Official PyTorch implementation of RobustNet (CVPR 2021 Oral)

Overview

RobustNet (CVPR 2021 Oral): Official Project Webpage

Codes and pretrained models will be released soon.

This repository provides the official PyTorch implementation of the following paper:

RobustNet: Improving Domain Generalization in Urban-Scene Segmentationvia Instance Selective Whitening
Sungha Choi* (LG AI Research), Sanghun Jung* (KAIST AI), Huiwon Yun (Sogang Univ.)
Joanne T. Kim (Korea Univ.), Seungryong Kim (Korea Univ.), Jaegul Choo (KAIST AI) (*: equal contribution)
CVPR 2021, Accepted as Oral Presentation

Paper : arxiv

Abstract: Enhancing the generalization performance of deep neural networks in the real world (i.e., unseen domains) is crucial for safety-critical applications such as autonomous driving. To address this issue, this paper proposes a novel instance selective whitening loss to improve the robustness of the segmentation networks for unseen domains. Our approach disentangles the domain-specific style and domain-invariant content encoded in higher-order statistics (i.e., feature covariance) of the feature representations and selectively removes only the style information causing domain shift. As shown in the below figure, our method provides reasonable predictions for (a) low-illuminated, (b) rainy, and (c) unexpected new scene images. These types of images are not included in the training dataset that the baseline shows a significant performance drop, contrary to ours. Being simple but effective, our approach improves the robustness of various backbone networks without additional computational cost. We conduct extensive experiments in urban-scene segmentation and show the superiority of our approach over existing work.

Code Contributors

Sungha Choi (LG AI Research), Sanghun Jung (KAIST AI)

Pytorch Implementation

Installation

Comming soon.

Acknowledgments

Our pytorch implementation is heavily derived from NVIDIA segmentation and HANet. Thanks to the NVIDIA implementations.

Comments
  • Question about the results and a bug

    Question about the results and a bug

    Hi, Thanks for your great work!

    I have run the code for MobileNet, however, I get largely lower results than your reported results.

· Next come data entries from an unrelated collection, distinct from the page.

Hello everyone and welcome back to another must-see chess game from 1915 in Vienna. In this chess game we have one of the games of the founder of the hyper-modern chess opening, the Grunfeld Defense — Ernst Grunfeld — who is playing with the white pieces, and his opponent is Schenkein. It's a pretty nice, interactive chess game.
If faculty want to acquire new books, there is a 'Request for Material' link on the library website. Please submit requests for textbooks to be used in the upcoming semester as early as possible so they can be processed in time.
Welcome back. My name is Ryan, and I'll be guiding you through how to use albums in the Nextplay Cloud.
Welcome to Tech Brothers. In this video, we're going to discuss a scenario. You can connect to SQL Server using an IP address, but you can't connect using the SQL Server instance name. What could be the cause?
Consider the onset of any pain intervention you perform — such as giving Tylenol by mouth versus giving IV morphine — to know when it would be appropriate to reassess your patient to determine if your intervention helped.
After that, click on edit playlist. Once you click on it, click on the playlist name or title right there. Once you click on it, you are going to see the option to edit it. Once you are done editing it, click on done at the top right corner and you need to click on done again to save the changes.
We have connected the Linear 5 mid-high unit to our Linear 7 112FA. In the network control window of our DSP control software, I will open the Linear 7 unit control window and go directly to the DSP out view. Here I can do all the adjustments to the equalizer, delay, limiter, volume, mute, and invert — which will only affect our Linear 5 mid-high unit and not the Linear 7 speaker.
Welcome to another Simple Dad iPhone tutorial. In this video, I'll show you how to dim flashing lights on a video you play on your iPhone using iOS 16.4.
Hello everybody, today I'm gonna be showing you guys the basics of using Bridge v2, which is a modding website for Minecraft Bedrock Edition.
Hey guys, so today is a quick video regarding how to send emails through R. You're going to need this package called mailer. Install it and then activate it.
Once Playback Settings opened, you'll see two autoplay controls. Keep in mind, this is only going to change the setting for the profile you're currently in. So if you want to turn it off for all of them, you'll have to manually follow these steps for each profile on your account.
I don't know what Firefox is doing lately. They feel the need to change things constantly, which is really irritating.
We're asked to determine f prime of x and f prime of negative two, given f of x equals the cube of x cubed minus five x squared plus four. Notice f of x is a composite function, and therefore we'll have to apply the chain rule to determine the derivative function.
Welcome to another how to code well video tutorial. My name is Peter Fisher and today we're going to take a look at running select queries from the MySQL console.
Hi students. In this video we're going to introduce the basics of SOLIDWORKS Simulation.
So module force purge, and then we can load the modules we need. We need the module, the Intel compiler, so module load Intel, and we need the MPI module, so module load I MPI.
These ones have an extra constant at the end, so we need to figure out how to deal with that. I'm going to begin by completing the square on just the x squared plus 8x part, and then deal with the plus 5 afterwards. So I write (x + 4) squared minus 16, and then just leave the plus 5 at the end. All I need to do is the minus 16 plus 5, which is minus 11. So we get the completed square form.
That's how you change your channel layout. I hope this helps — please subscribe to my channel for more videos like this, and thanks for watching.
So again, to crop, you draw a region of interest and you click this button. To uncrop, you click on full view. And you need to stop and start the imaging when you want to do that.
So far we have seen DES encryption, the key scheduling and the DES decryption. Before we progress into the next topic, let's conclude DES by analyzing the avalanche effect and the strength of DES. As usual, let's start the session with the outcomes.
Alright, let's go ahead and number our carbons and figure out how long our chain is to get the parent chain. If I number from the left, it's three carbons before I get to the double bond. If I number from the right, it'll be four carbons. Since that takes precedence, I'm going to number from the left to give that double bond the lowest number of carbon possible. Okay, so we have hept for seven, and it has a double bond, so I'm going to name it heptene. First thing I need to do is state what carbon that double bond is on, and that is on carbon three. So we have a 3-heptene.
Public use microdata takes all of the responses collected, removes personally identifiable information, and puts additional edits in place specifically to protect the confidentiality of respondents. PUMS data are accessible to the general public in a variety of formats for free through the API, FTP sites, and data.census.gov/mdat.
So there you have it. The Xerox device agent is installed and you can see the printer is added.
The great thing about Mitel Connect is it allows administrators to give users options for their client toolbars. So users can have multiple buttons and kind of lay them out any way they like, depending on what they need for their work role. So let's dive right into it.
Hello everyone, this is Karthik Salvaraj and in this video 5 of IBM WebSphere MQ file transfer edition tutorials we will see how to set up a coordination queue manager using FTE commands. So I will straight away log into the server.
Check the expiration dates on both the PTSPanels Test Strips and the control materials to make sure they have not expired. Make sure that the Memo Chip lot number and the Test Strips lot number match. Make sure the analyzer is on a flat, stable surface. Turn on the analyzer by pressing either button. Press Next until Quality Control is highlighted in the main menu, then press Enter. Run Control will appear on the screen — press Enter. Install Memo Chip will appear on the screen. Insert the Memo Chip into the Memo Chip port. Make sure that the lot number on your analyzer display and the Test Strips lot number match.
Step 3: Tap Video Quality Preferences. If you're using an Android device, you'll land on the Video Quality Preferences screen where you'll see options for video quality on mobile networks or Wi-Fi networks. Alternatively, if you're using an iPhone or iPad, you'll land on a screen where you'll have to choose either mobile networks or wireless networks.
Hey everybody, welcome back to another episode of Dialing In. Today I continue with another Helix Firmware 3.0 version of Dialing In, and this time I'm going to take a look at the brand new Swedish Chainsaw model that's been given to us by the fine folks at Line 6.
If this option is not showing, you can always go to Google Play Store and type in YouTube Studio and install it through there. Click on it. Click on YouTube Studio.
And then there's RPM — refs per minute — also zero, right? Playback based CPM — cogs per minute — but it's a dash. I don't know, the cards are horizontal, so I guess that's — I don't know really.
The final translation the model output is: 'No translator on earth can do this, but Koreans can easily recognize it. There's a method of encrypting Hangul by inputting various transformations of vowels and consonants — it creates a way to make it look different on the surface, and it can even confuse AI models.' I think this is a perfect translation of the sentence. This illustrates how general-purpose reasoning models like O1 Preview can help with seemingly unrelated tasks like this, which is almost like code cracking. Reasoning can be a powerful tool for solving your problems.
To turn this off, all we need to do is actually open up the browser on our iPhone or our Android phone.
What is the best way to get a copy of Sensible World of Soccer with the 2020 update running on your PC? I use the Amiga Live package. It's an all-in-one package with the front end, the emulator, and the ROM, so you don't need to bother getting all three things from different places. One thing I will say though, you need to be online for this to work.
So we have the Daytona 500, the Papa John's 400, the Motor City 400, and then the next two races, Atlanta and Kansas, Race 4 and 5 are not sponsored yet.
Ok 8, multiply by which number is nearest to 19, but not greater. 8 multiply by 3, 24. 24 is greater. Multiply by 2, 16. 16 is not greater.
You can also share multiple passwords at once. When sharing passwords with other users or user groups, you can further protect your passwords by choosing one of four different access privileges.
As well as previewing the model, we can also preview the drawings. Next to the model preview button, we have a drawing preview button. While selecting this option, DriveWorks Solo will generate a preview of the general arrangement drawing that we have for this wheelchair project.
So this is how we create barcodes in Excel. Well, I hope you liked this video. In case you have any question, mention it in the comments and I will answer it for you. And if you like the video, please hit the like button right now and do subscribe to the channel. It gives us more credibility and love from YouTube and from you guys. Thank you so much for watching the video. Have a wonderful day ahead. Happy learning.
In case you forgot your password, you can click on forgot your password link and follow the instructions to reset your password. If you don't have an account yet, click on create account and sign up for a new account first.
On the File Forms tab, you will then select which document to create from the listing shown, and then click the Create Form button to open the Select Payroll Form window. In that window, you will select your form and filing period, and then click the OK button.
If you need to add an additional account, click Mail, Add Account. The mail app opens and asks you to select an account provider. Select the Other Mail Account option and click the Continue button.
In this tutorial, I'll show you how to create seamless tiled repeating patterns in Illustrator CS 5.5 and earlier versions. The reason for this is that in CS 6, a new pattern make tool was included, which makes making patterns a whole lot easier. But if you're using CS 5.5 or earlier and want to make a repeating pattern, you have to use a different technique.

    I got the following results:

    MobileNet-Base, mIoU = 20.12%

    MobileNet-IBN, mIoU = 27.41%

    MobileNet-ISW, mIoU = 23.24%

    All results are tested on the last model and on the CityScapes.

    I also found an error when loading the dataset,

    https://github.com/shachoi/RobustNet/blob/55e385a6600482793cf64544217678196dbcd3b8/datasets/gtav.py#L438

    This line will causes ``TypeError: 'bool' object is not subscriptable'' for Pthon 3.

    And I change:

    mask_copy[(mask == np.array(k))[:,:,0] & (mask == np.array(k))[:,:,1] & (mask == np.array(k))[:,:,2]] = v

    to

    sel_mask = np.logical_and(mask[:, :, 0] == np.array(k)[0], mask[:, :, 1] == np.array(k)[1], mask[:, :, 2] == np.array(k)[2])
    mask_copy[sel_mask] = v
    

    for all the dataset loaders.

    I am not sure if this causes the low results. Could you help me to address this problem? Thanks!

    opened by Making24 14
  • about the directory structures

    about the directory structures

    Thank you for your outstanding work. You only give the file structure of Cityscapes, but you don't provide the file structure of gtav, Synthia, BDD, etc. can you provide them?

    opened by SvenSu 9
  • Low results for RobustNet with ResNet-101 backbone

    Low results for RobustNet with ResNet-101 backbone

    Hi, I tried the experiment with ResNet-101 for ISW by training on the GTAV (I changed the script based on the city_isw_r101.sh). However, I got results that are similar to ResNet-50. For example, the mIoU in Cityscape is 36%.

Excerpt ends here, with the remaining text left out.